Exercise brief: Hunt for the word "sale" across the entries below, copying each line that holds it.

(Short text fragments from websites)
--------------------

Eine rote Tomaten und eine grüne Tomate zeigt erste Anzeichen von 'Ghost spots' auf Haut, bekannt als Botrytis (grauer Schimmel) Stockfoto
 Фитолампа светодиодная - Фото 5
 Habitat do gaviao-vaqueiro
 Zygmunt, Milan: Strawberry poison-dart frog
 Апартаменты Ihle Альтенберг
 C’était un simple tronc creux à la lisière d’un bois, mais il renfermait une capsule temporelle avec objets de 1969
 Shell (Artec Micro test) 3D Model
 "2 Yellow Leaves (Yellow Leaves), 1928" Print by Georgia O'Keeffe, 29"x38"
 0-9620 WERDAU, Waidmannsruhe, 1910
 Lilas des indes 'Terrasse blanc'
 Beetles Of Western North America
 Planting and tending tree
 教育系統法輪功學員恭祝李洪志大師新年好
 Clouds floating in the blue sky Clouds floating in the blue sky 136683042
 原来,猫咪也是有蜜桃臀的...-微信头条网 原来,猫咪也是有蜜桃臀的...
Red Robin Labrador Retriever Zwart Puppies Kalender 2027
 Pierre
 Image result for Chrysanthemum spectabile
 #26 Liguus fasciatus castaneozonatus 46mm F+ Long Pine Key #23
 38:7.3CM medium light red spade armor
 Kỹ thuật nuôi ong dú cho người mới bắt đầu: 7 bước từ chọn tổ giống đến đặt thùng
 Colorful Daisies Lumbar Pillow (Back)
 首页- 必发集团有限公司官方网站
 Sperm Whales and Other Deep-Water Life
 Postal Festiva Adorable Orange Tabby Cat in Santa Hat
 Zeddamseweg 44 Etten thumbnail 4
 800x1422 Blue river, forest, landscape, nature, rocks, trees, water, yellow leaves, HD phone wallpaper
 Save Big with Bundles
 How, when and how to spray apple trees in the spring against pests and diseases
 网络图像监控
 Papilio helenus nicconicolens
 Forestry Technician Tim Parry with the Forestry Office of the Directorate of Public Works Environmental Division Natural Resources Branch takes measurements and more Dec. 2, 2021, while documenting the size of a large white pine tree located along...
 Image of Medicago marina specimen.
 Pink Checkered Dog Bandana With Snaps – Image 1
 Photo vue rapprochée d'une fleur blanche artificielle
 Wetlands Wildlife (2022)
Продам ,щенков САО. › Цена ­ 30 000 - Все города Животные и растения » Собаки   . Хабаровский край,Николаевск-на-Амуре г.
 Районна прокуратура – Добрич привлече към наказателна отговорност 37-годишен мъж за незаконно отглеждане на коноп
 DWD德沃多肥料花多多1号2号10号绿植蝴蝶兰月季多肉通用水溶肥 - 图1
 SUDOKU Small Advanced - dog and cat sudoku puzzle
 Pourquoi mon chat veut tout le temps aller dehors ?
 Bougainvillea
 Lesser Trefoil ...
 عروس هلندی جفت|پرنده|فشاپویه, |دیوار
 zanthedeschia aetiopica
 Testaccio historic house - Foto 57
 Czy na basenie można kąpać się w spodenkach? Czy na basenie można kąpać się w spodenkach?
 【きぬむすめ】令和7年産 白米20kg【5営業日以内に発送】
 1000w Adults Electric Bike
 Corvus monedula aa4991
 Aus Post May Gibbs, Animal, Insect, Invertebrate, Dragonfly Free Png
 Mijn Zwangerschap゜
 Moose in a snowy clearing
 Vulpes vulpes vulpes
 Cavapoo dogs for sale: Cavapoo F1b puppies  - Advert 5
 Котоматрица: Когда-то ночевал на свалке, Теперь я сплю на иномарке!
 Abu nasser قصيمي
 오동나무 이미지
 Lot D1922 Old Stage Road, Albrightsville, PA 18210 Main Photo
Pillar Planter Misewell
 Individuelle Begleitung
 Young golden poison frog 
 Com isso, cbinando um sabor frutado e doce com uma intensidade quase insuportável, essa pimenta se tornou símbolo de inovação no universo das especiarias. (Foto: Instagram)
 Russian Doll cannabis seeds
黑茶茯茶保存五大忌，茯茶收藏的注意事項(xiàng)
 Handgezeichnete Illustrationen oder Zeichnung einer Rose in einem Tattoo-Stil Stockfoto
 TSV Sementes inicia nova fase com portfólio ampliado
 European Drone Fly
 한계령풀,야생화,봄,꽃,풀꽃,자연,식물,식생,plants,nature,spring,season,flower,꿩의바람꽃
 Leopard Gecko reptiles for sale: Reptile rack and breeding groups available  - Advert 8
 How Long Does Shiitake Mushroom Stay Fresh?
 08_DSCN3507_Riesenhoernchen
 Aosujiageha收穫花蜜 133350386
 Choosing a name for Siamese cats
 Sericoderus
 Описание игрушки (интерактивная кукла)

--------------------

Task response:
 Cavapoo dogs for sale: Cavapoo F1b puppies  - Advert 5
 Leopard Gecko reptiles for sale: Reptile rack and breeding groups available  - Advert 8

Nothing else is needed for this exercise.